(Entries taken from a collection)
■ ■ ■ ■ ■ ■ ■
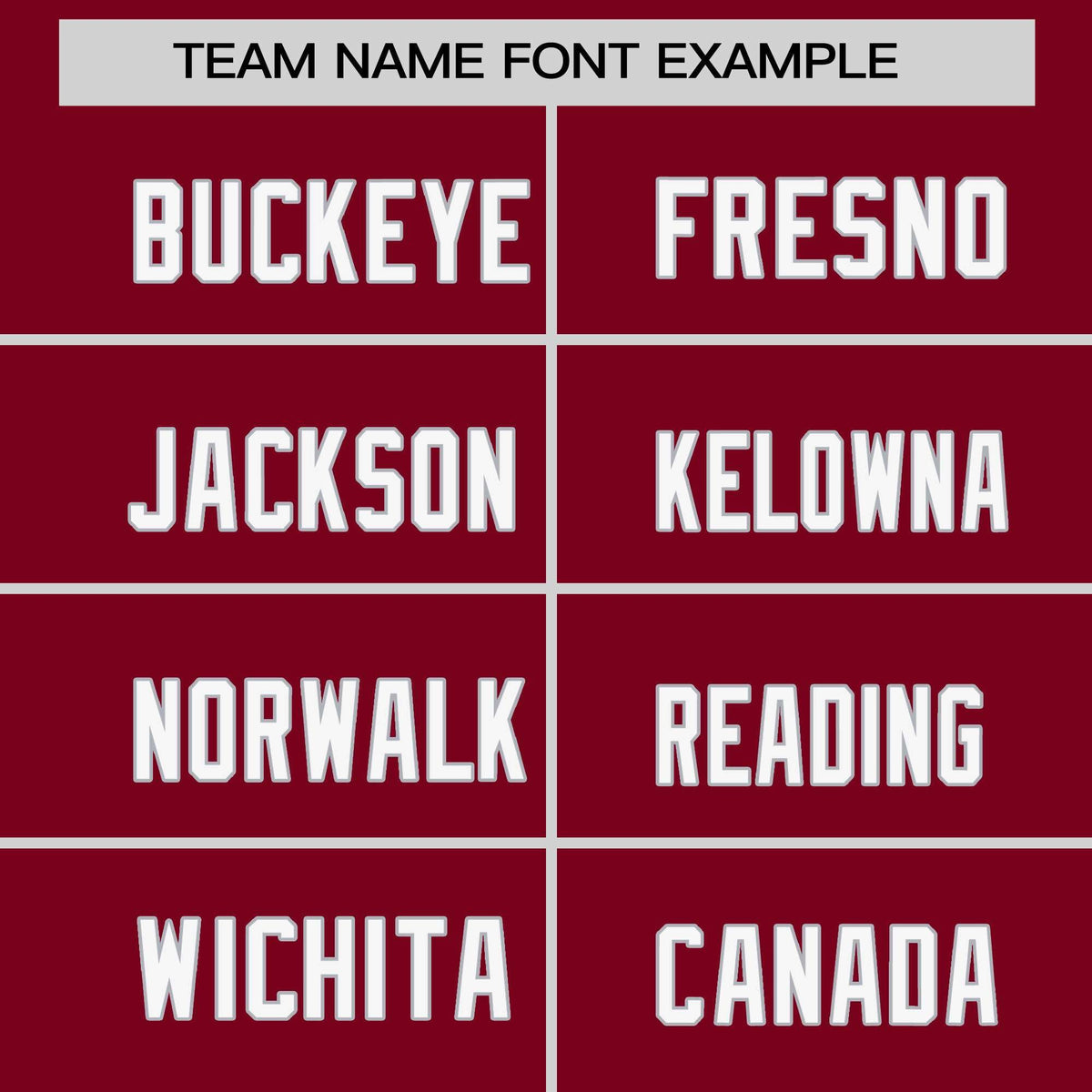 VVHL Green Red-White S7-Sicilian-Slicers T-Shirt | KXKSHOP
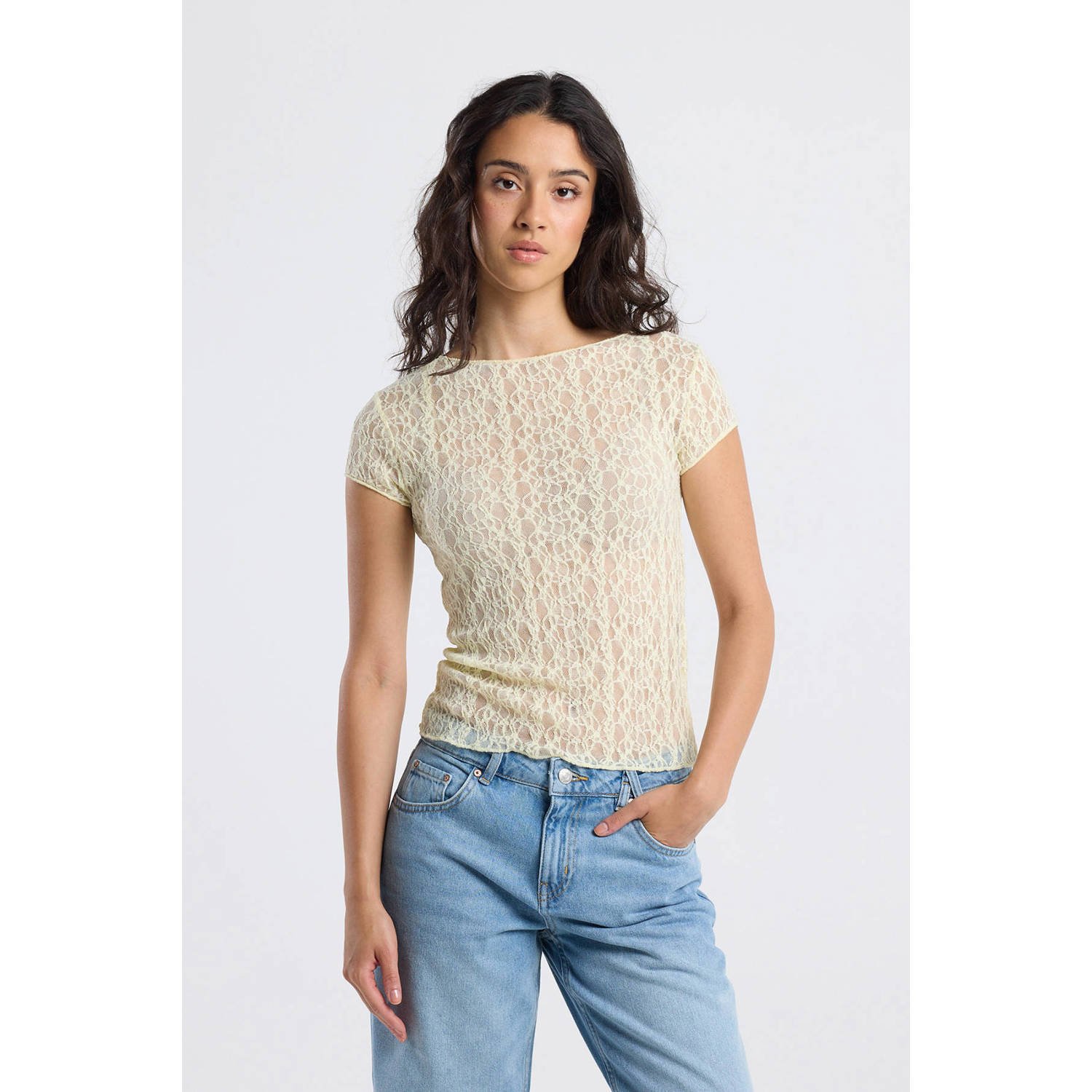 America Today top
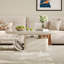 Table de salon ovale en ardoise-109243431-109243434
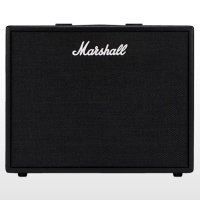 Marshall　デジタル・アンプ CODE50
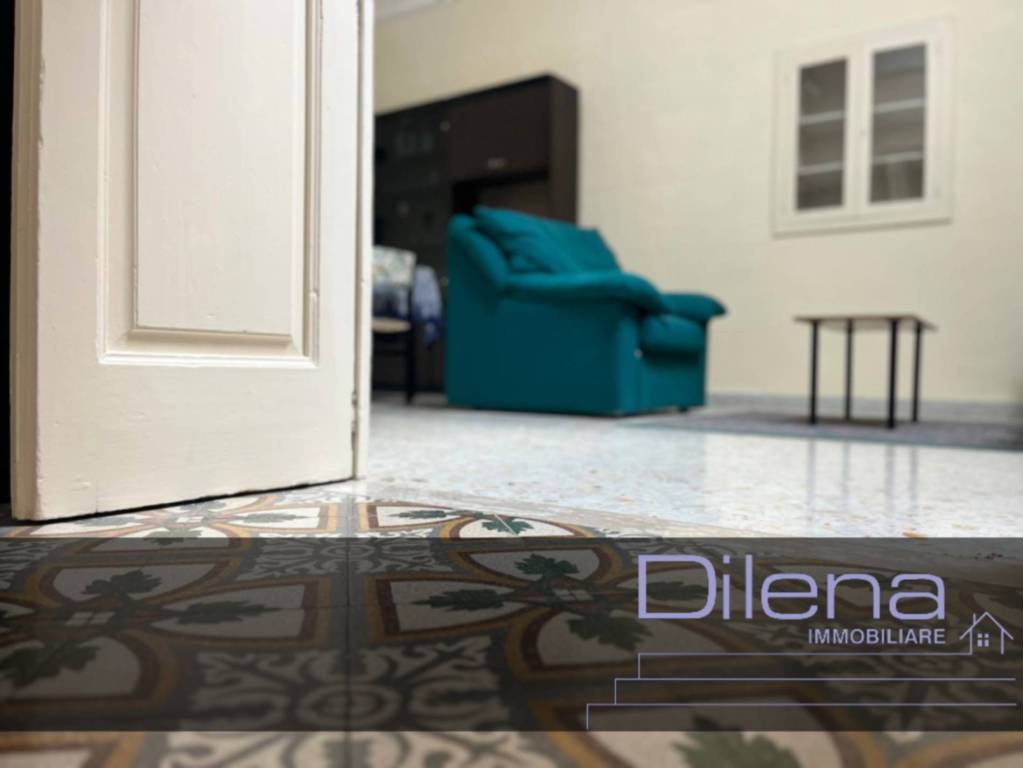 immagine annuncio 10 di 14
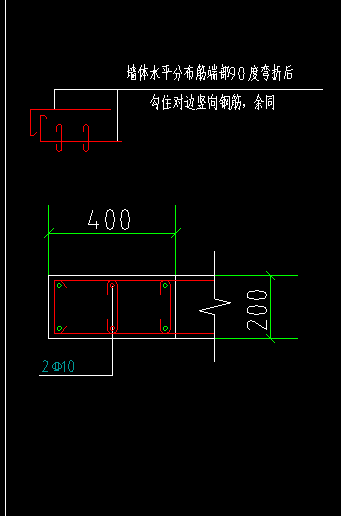 箍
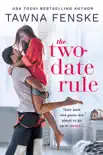 The Two-Date Rule synopsis, comments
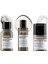 Absolut Repair Molecular - Mini Trio Set 50ML + 75ML + 100ML 2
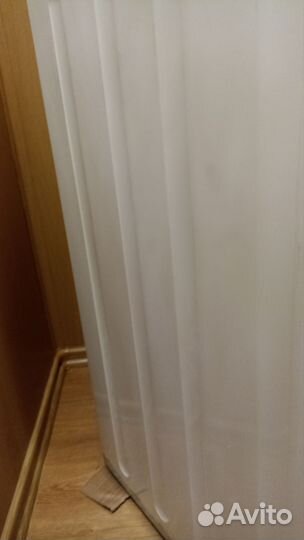 Стиральная машина bosch wfg 2060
■ ■ ■ ■ ■ ■ ■
- ABOUT THIS EXERCISE
Hand back the exact lines from the start of the entries to the line with "The Two-Date Rule synopsis, comments", both ends kept and pictures left out.

- ANSWER SECTION
 VVHL Green Red-White S7-Sicilian-Slicers T-Shirt | KXKSHOP
 America Today top
 Table de salon ovale en ardoise-109243431-109243434
 Marshall　デジタル・アンプ CODE50
 immagine annuncio 10 di 14
 箍
 The Two-Date Rule synopsis, comments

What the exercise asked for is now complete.